An example of a single sprint session (which could last a day, a week, or even a month) could involve having your students work intensely on a science project, with each student working in a group on a different component. At the end of each sprint, you can hold a review to discuss what was completed, as well as a retrospective as a means to converse about lessons learned.

Please let me know if this answers your question, Gloria, and thanks for a great future article idea!

Gloria Mitchell's picture
Gloria Mitchell
Secondary Education student in Chicago

Thanks, Chris! I'm familiar with the sprint, the daily stand-up, etc., from my husband's work as a software developer. I had thought I'd try this out and write about it from an English teacher's point of view. I'll be interested to know if you have additional thoughts, too -- thank you for your insights!

Chris's picture
Chris
PMI-Certified Project Manager, CSM, Mom, PTA Member, Writer
Blogger 2014

You're welcome! As you're fairly well-versed in Agile concepts, if there something more specific you'd like to learn about or want to see in a future article, please feel free to share it!

nuria g's picture
nuria g
Social Project Entrepreneur

Spending most of my professional career managing projects, I am now sharing the project management skills with elementary school students through project-based, experiential science learning using real-life projects.
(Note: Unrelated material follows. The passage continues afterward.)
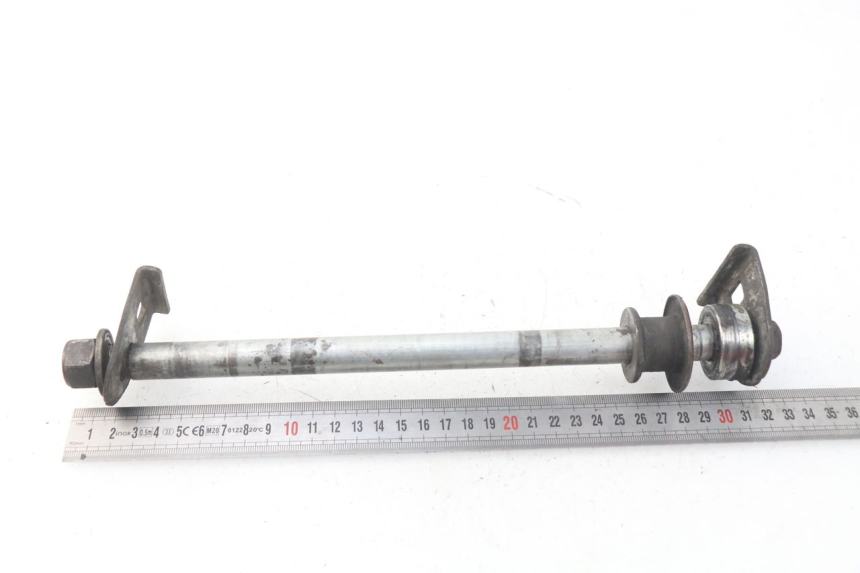photo de EJE RUEDA TRASERO SUZUKI GSX-F GSXF 600 (1998 - 2004)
In our programs, we believe in student-driven learning and let them experiment, fail and learn.

First we let them approach a project idea completely unstructured, on their own - without any PM tools. They normally fail at achieving their project objective, but they learn from it. Then they learn about importance of planning - identifying the tasks, sequence, dependencies and schedule - however basic they are.

I think the first failing attempt is a powerful teaching moment. It gives them an opportunity to see the difference, it gives them confidence and motivation as they come to that conclusion on their own.

It is amazing to see how they are able to apply those skills in subsequent projects - with a lot less help from instructors.

This is a part of our hands-on experiential learning program at iSchool for the Future where children learn science using their environment and then in turn apply the newly learned skills and knowledge to improve that environment (www.ischoolforthefuture.org).

Chris's picture
Chris
PMI-Certified Project Manager, CSM, Mom, PTA Member, Writer
Blogger 2014

Love the work that you're doing with iSchool, Nuria. It's so great to hear that project managers like yourself are directly leveraging your skills and allowing the students to learn the rudiments of project management. Even more impressive is empowering them to fail as a means to a more self-reliant, confident endgame.